Twice the cost, but significantly more accurate for the same step size $h$ . Step size selection: $h \approx \sqrt{\varepsilon_{\mathrm{mach}}} \approx 10^{-7}$ for forward, $h \approx \varepsilon_{\mathrm{mach}}^{1/3} \approx 10^{-5}$ for central.

Analytic Jacobian for Affine Models

For models with a closed-form characteristic function $\varphi_T(u; \theta)$ (e.g., Heston, Bates), the sensitivity of the model price to each parameter can be computed by differentiating under the Fourier integral:

$\frac{\partial C}{\partial \theta_j} = \frac{\partial}{\partial \theta_j} \left[ \text{Re} \int_0^\infty \varphi_T(u - i/2; \theta) \frac{e^{-iuk}}{u^2 + 1/4}\, du \right] = \text{Re} \int_0^\infty \frac{\partial \varphi_T}{\partial \theta_j}(u - i/2; \theta) \frac{e^{-iuk}}{u^2 + 1/4}\, du.$

For Heston, $\partial \varphi_T / \partial \theta_j$ can be computed in closed form by differentiating the Riccati solution.
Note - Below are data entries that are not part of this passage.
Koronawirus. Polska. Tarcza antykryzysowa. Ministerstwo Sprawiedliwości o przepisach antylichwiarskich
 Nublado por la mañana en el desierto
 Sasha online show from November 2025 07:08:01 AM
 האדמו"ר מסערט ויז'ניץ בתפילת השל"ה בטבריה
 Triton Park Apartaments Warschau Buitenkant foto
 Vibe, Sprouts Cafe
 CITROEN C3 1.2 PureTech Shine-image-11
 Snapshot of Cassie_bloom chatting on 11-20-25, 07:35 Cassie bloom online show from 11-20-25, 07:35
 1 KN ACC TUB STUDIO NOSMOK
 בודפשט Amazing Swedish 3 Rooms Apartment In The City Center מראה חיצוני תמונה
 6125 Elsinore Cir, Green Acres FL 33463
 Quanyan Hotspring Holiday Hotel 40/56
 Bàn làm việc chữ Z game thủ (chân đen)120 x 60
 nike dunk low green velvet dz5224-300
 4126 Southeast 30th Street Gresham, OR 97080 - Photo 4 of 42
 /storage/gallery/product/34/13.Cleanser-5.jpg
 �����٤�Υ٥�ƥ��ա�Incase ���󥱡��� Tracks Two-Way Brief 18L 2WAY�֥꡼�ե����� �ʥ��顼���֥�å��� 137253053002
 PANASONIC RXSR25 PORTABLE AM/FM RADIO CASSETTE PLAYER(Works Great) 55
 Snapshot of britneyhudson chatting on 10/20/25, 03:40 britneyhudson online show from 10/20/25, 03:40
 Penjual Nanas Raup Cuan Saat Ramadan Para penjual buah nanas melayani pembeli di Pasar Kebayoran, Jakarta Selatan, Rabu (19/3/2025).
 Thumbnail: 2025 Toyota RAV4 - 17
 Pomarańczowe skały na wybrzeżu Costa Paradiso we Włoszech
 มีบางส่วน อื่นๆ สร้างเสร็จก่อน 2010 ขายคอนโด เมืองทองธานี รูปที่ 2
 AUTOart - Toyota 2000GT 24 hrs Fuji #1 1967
This yields the exact Jacobian at the cost of 5 additional Fourier integrals (one per parameter), which is far cheaper than FD (especially when each Fourier integral prices all $N$ strikes simultaneously via FFT).

Convergence Criteria

LM terminates when any of the following conditions is met:

Small gradient: $\|J^\top r\|_\infty < \varepsilon_1$ (first-order optimality; gradient norm small).
Small step: $\|\delta\theta\|_2 < \varepsilon_2 (1 + \|\theta\|_2)$ (parameter change negligible).
Small residual: $F(\theta) < \varepsilon_3$ (objective small enough).
Max iterations: $k > k_{\max}$ (wall-clock budget exceeded).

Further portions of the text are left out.